TASK ITEM ->
Beginning at the line containing "Coutgo Women's Mary", repeat each line below exactly up to and including the line containing "QB766 North Dakota License Plate". Do not repeat the pictures.

SOURCE MATERIAL ->
--------

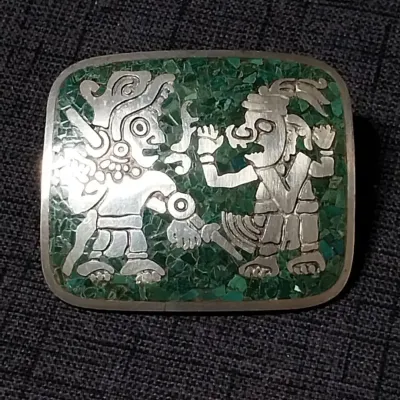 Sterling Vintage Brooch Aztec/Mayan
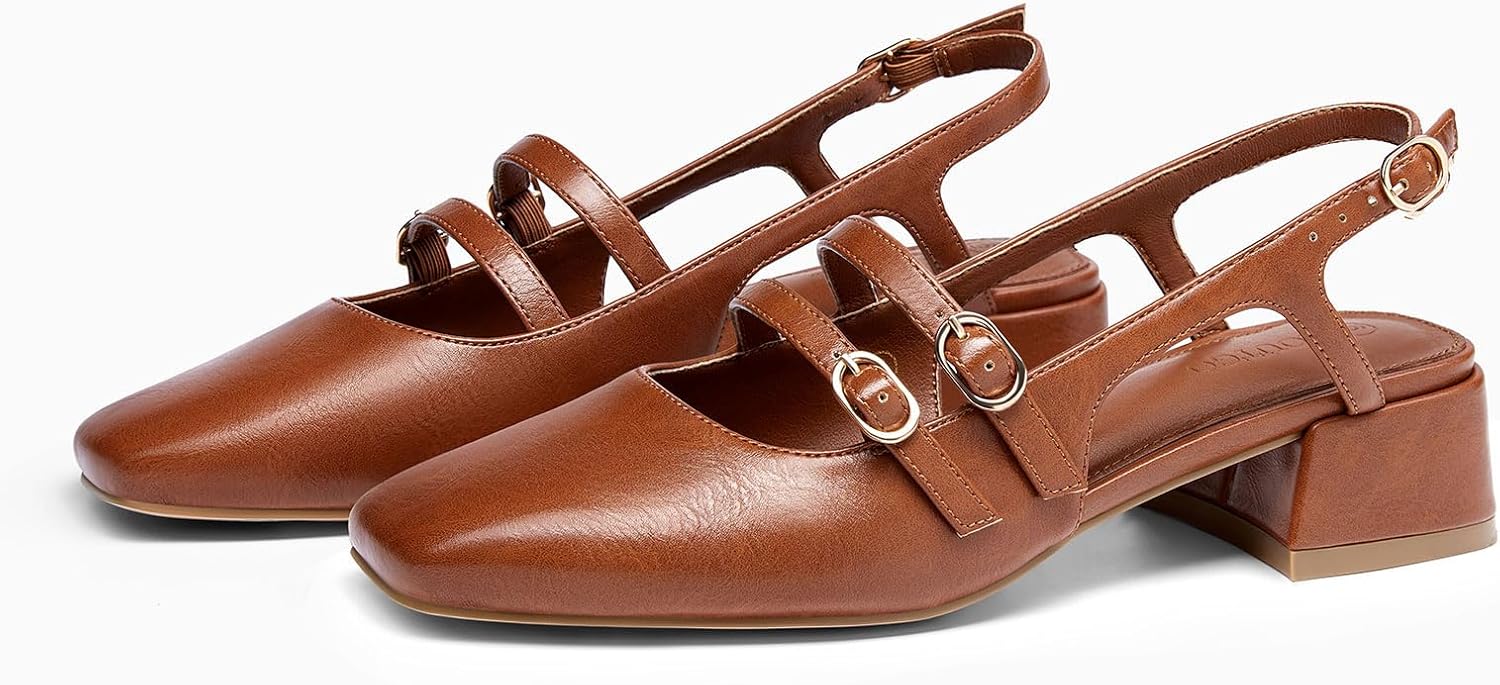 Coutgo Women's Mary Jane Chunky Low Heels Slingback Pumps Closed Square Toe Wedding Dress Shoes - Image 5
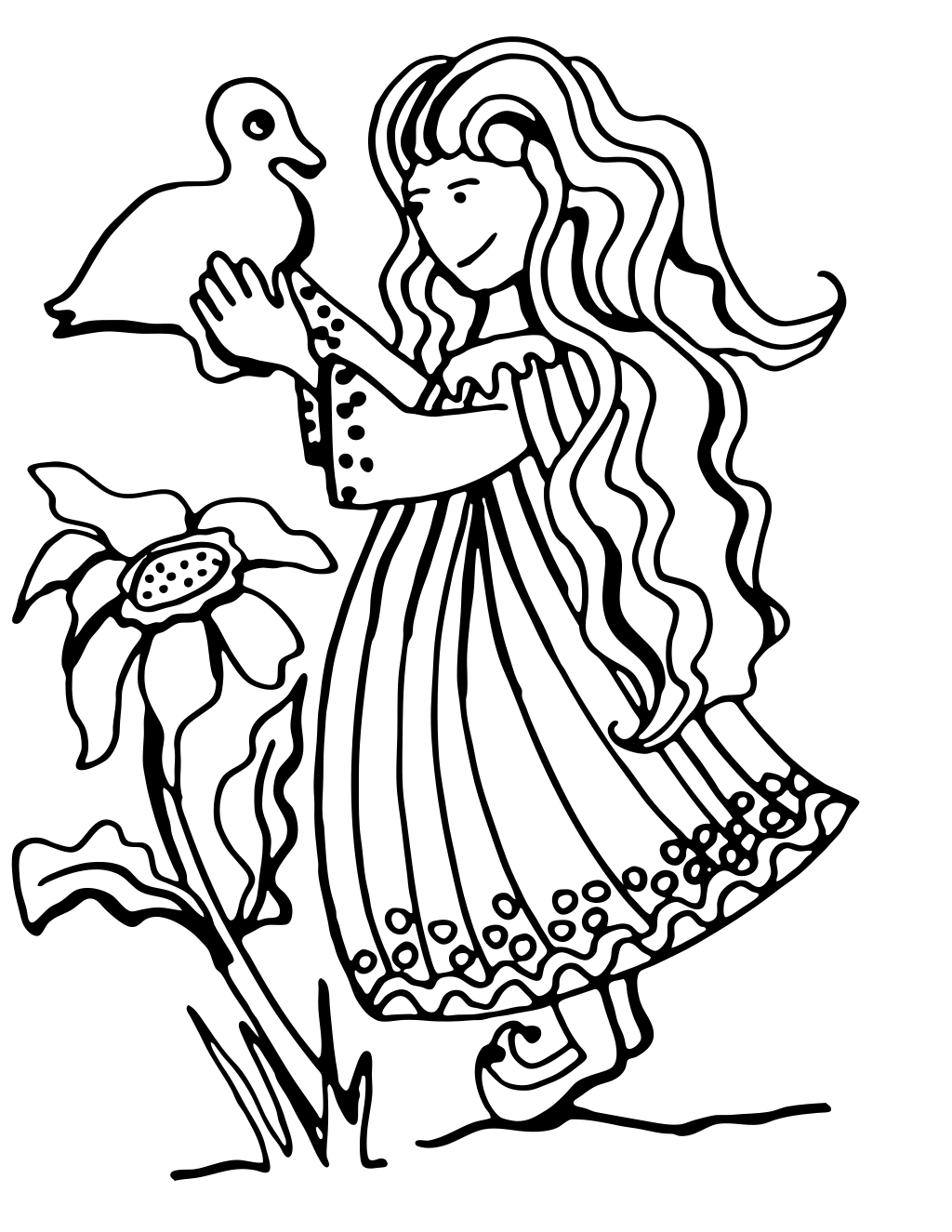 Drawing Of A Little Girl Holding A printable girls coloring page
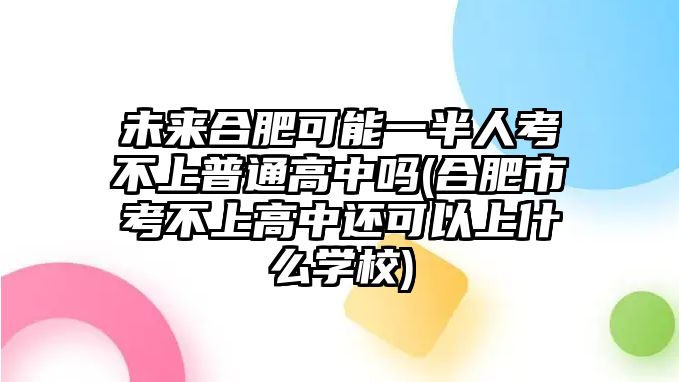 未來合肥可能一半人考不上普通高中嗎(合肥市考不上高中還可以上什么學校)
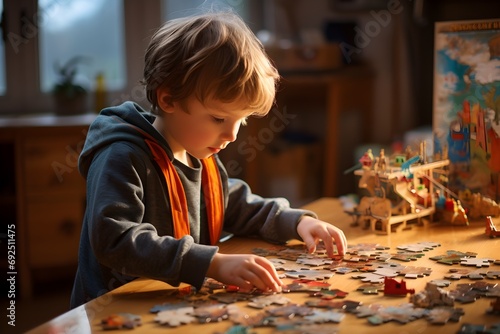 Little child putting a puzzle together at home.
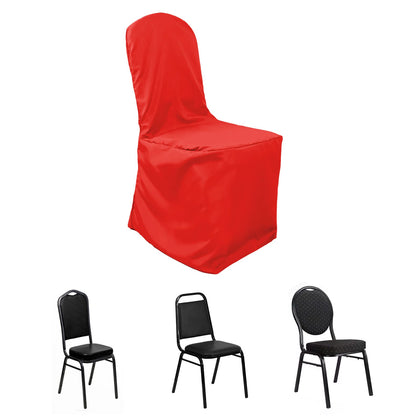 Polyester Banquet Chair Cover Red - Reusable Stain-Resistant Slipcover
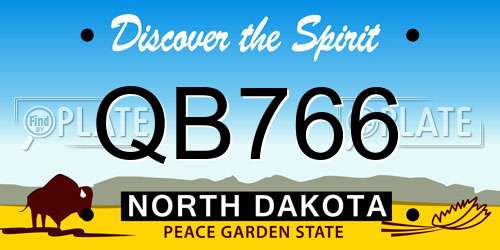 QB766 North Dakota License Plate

--------

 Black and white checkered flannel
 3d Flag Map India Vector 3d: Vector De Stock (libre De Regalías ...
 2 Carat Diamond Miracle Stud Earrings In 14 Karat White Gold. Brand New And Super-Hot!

--------

SOLUTION ->
 Coutgo Women's Mary Jane Chunky Low Heels Slingback Pumps Closed Square Toe Wedding Dress Shoes - Image 5
 Drawing Of A Little Girl Holding A printable girls coloring page
 未來合肥可能一半人考不上普通高中嗎(合肥市考不上高中還可以上什么學校)
 Little child putting a puzzle together at home.
 Polyester Banquet Chair Cover Red - Reusable Stain-Resistant Slipcover
 QB766 North Dakota License Plate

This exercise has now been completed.